The probate judge allocated the assets, purporting to have considered "all of the factors under . . . G. L. c. 208, Section 34, and the relevant tax considerations." He awarded to each party the property already comprising their respective estates, as described to him, except that the husband was ordered to pay the wife in two equal cash installments the aggregate sum of $1,000,000. He awarded the wife no continuing alimony. [Note 7] These provisions were incorporated appropriately
propriately in the judgments nisi from which the present appeals have been taken.
At the arguments of the present appeal and in his briefs for her, the wife's attorney contended that the probate judge, in effect, had taken the view at various stages of the divorce proceedings that the large size of the husband's assets was not significantly material in deciding what the wife was entitled to receive under c. 208, Section 34. The appeal panel, on this account, remanded the case (six days after the arguments) to the probate judge to make certain that he had given full consideration to all the criteria which, under c. 208, Section 34, he was required to take into account. The judge made a very prompt response (dated February 27, 1990) to our remand inquiry, essentially explaining and reaffirming positions which he had taken in his original findings. [Note 8]

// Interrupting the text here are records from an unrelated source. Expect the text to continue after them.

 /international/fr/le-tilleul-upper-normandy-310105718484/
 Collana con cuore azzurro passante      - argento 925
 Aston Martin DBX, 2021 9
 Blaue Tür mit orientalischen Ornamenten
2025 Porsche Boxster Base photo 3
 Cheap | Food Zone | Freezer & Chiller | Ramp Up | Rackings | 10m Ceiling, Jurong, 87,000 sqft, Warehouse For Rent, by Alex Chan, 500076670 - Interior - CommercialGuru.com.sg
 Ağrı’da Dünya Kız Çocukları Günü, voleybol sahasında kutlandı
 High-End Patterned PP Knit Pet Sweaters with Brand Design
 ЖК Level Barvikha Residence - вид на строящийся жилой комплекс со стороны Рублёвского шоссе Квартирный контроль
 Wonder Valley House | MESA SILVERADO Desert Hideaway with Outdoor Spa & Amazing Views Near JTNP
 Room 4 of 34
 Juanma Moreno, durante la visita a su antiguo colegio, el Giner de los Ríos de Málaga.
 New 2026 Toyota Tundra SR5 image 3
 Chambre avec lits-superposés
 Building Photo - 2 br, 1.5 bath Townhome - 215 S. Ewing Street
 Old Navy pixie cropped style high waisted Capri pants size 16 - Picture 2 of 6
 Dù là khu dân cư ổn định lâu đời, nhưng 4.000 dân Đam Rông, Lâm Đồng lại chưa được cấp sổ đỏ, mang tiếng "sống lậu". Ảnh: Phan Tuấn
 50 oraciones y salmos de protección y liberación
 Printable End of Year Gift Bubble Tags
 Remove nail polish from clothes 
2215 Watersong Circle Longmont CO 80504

C. Discussion of the Judge's Decision on Alimony and Allocation of Marital Assets
In deciding, in connection with a divorce, what if any alimony will be awarded to one spouse and what should be the
equitable division of marital property under c. 208, Section 34, no judicial precedent is likely completely to state the considerations which a probate judge may and should take into account and weigh on the facts of any particular case. This is especially true in the present highly unusual case. The judge appropriately held three aspects of this marriage to be of primary significance, (1) that the dissolving relationship was a childless, "short term" marriage; see and compare Goldman v. Goldman, ante 603, 604-608 (1990); (2) that the husband owned the great bulk of his assets before the marriage; and (3) that any increases in the value of those assets during the short marriage were not because of the wife's efforts but in major part were the result of inflation.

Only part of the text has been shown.